Ex-Test Pilot, Bold and Quirky, Pursues a Costly Love
By Jenna Johnson
Washington Post Staff Writer
Wednesday, January 2, 2008; Page B01
St. Mary's County Regional Airport is home to a fleet of single-engine Cessnas, many of them owned by amateur pilots and parked in tidy rows just off the runway. But in a hangar at the edge of the grounds sits a Harrier, a hulking jet that takes off and lands vertically, cruises at speeds in excess of 600 mph and is similar to the Marines' primary attack aircraft.
That is Art Nalls's plane.
Nalls, a 53-year-old former Marine test pilot who made a fortune in real estate, has turned flying into an extraordinarily expensive hobby. He believes that his newest acquisition -- the Harry, as he calls it -- is the world's only privately owned, flyable Harrier. Although Nalls wouldn't say how much he paid for the plane, he said fuel alone costs about $75 for every minute in the air.
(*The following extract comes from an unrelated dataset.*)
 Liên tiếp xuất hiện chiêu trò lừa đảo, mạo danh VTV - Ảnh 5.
But in jets, Nalls says he has found a fountain of youth.
"When I am up there, it's just like I'm 25 again," he said.
He and his planes are regular topics of conversation at the small airport in Southern Maryland, a stomping ground for retired military pilots, some of whom trained at the nearby Patuxent River Naval Air Station, one of only two military test pilot schools in the country.
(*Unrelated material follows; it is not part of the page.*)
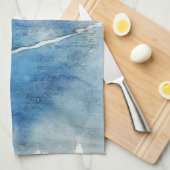 Tropisch strand in Blauwgroen Aqua Turquoise Blue Theedoek (Quarter Fold)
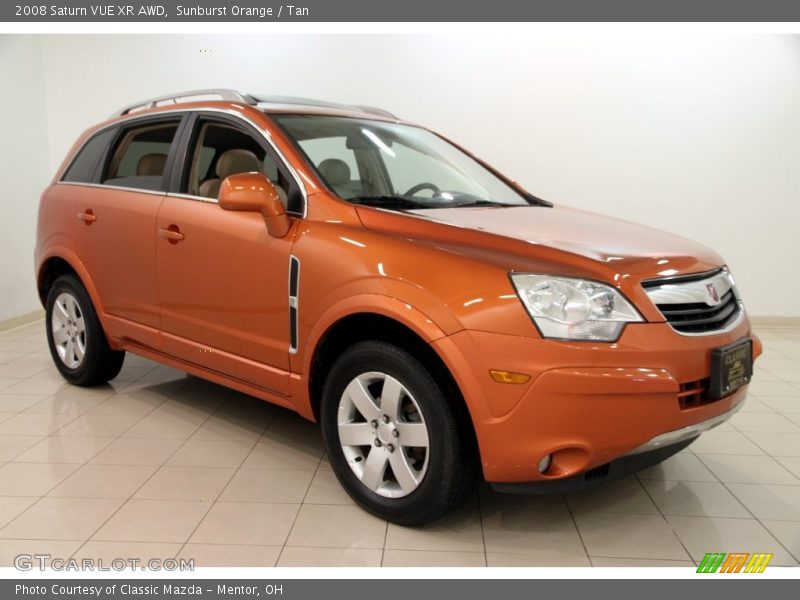 Sunburst Orange / Tan 2008 Saturn VUE XR AWD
On a recent morning, in a lounge facing the runway, pilots swapped stories about Nalls's latest adventure: Problems with the Harry's hydraulic system forced an emergency landing at the military base in November, on its second flight. Since he couldn't fly it back, Nalls had the jet hooked to a pickup truck and towed nearly eight miles to the airport, escorted by a half-dozen police cars. He sat in the cockpit, dressed as Santa Claus.
"Ho! Ho! Ho!" Nalls bellowed, waving at truckers and other motorists as the jet limped along Route 235, narrowly missing traffic lights and straddling a median as it turned onto Airport Road.
Such antics explain why Nalls has earned a reputation as a cowboy, a millionaire fond of indulging idiosyncratic interests. In the 1970s, he held a Guinness record for building and riding the world's smallest rideable bicycle, which was less than five inches tall.